Short descriptive text snippets
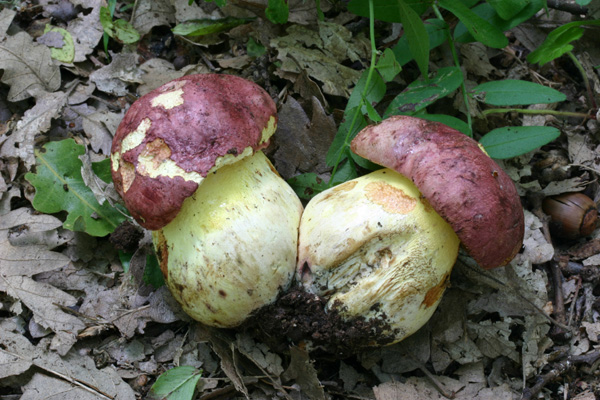 Trovati nella cerreta di Goriano Sicoli AQ 19.6.11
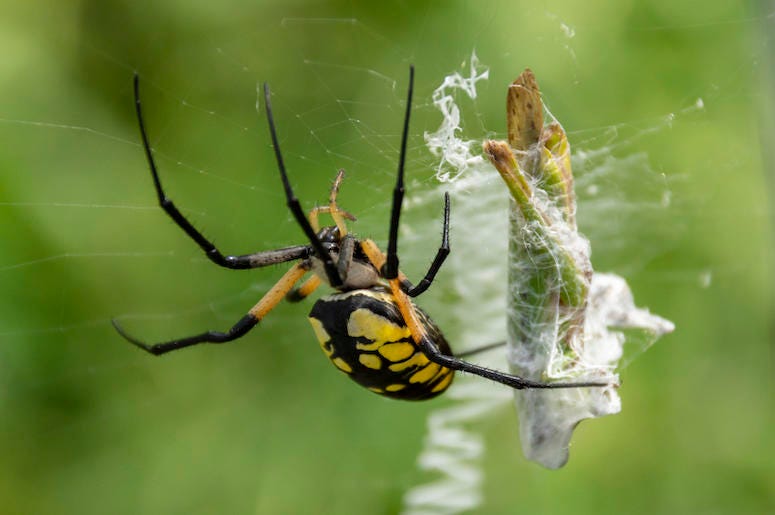 Garden Spider, Black and Yellow, Trap, Grasshopper, Web, Large Garden Spider, Black and Yellow, Trap, Grasshopper, Web, Large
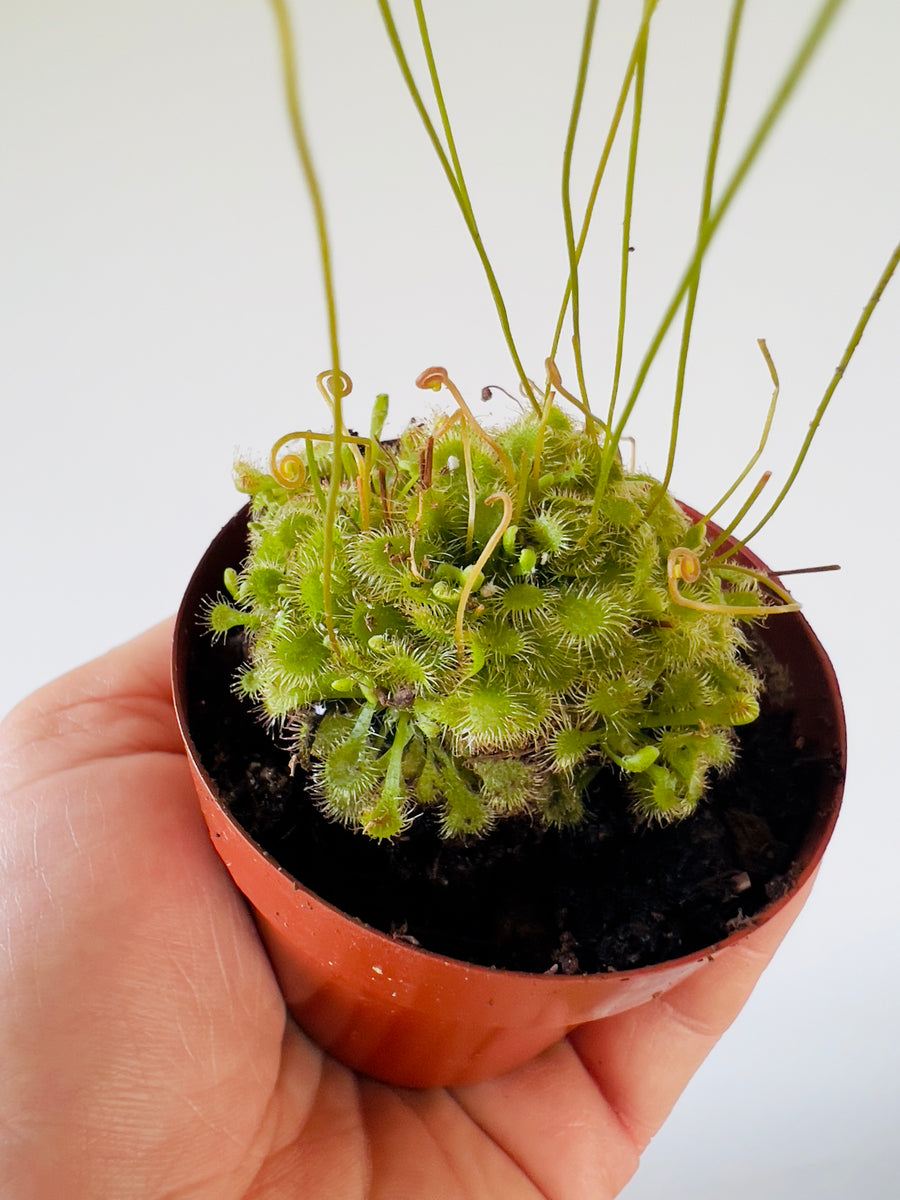 Carnivorous Sundew Plant - Drosera Spatulata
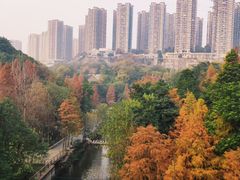 -重庆彩云湖湿地公园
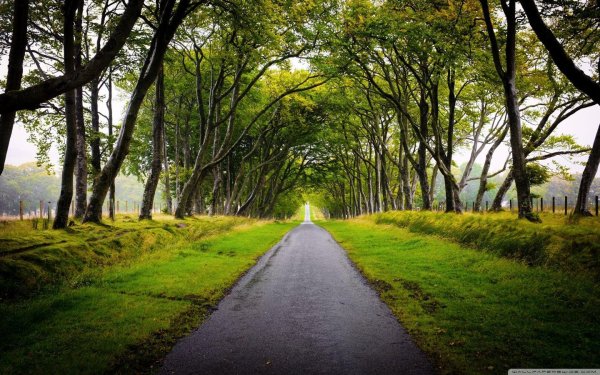 дорога среди деревьев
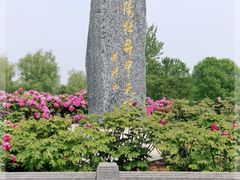 -洛阳市隋唐城遗址植物园
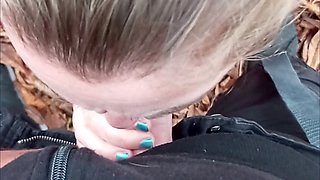 Giving head, outdoor blowjob, hd videos
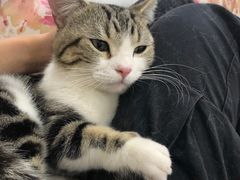 -李小姐の猫咖啡馆(五角场店)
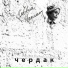 Гибкий Чаплинъ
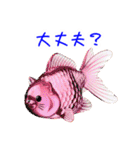 金魚ゼリーの猫、プルンと一言（個別スタンプ：20）
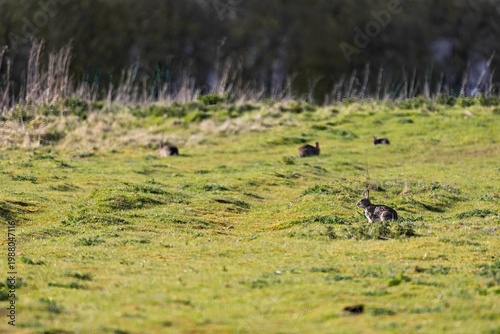 Rabbits feeding in a meadow in spring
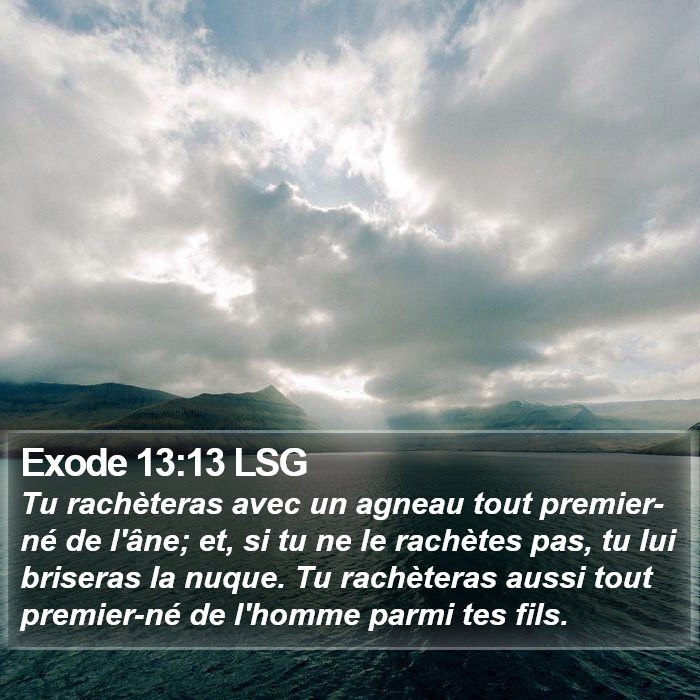 Exode 13:13 LSG Bible Study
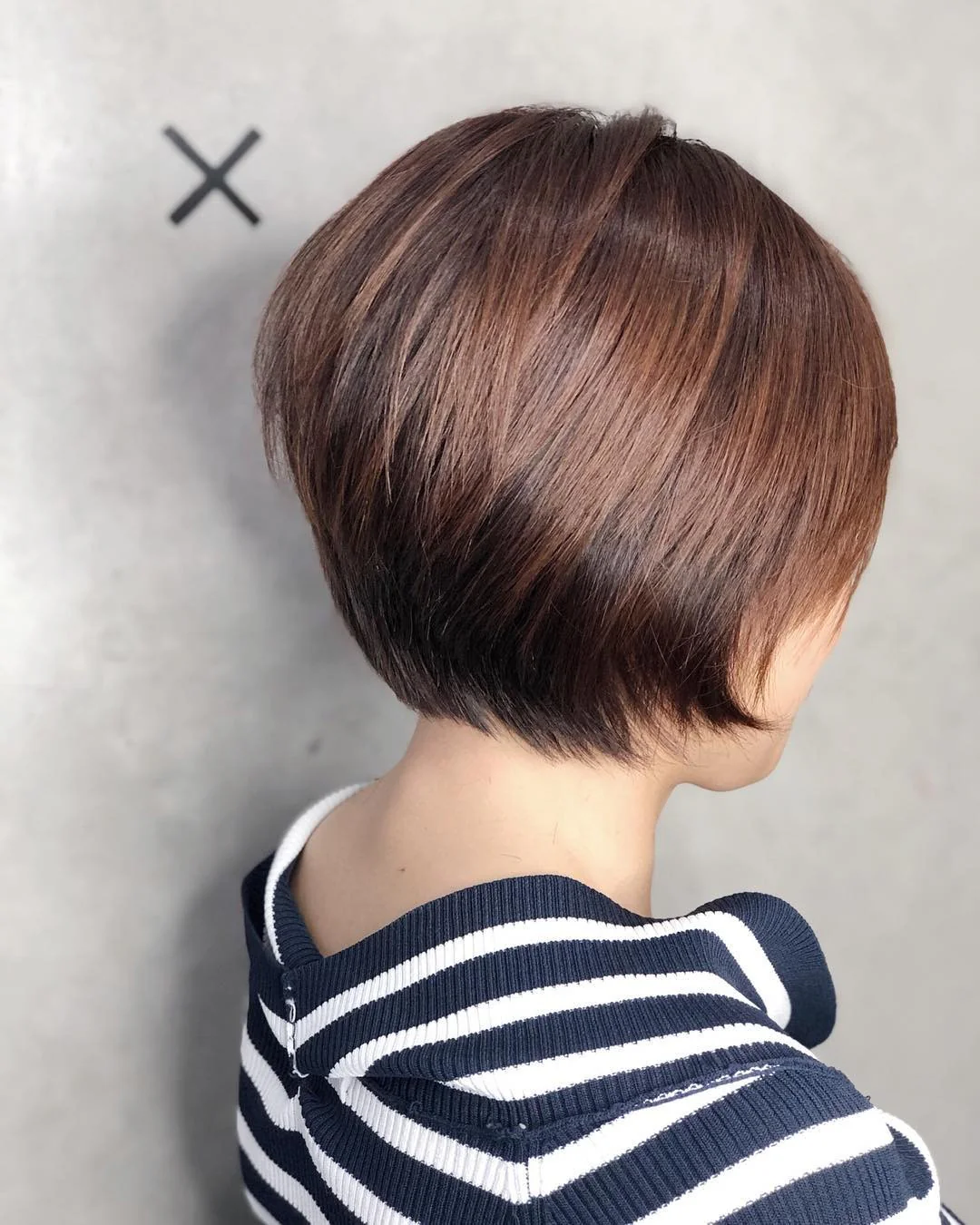 7. Kastanienbrauner, schlanker Pixie-Bob (Pixie-Bob-Haarschnitt)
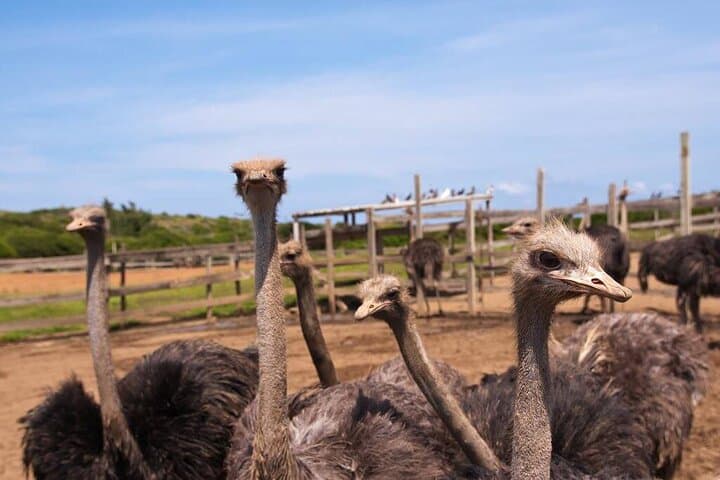 Eastern Treasures of Curaçao: Ostrich Farm, Aloe Fields & Beekenburg Fort Tour photo 2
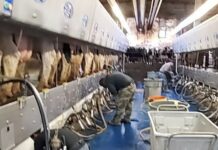 Formación, solución a la falta de mano de obra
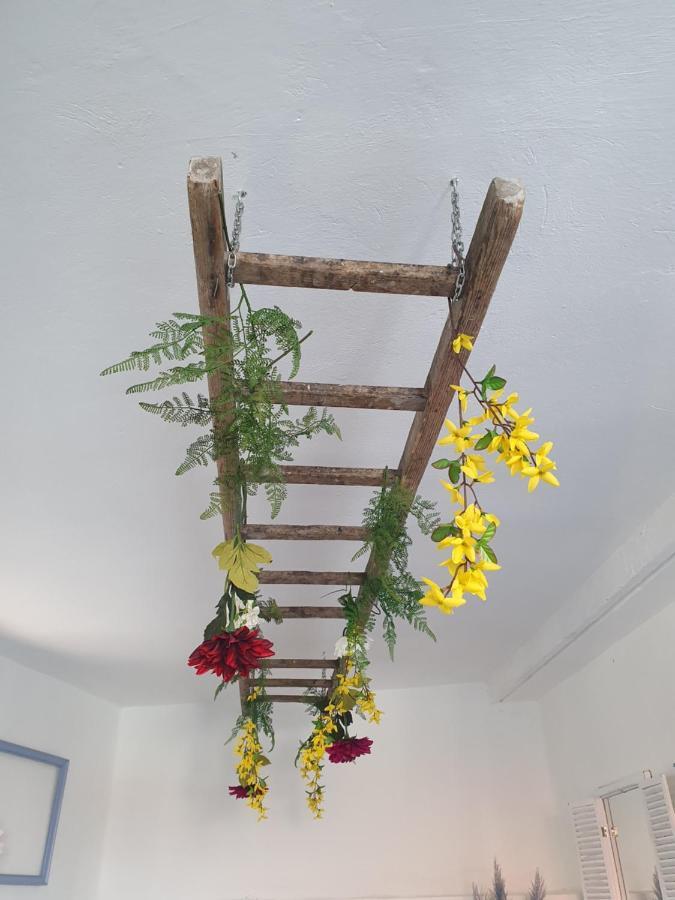 Infresh Holiday House Šibenik Extérieur photo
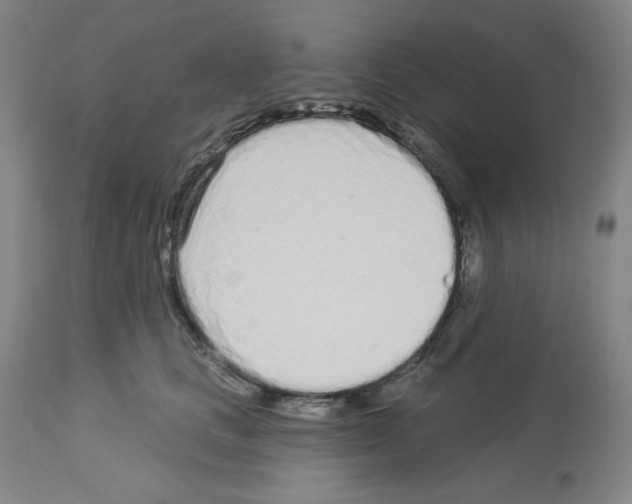 X0000112720661200910011133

What is needed
Would you restate word for word only the lines from the line with "Exode 13:13 LSG Bible Study" to the last line above, with the pictures left out?

Answer section
 Exode 13:13 LSG Bible Study
 7. Kastanienbrauner, schlanker Pixie-Bob (Pixie-Bob-Haarschnitt)
 Eastern Treasures of Curaçao: Ostrich Farm, Aloe Fields & Beekenburg Fort Tour photo 2
 Formación, solución a la falta de mano de obra
 Infresh Holiday House Šibenik Extérieur photo
 X0000112720661200910011133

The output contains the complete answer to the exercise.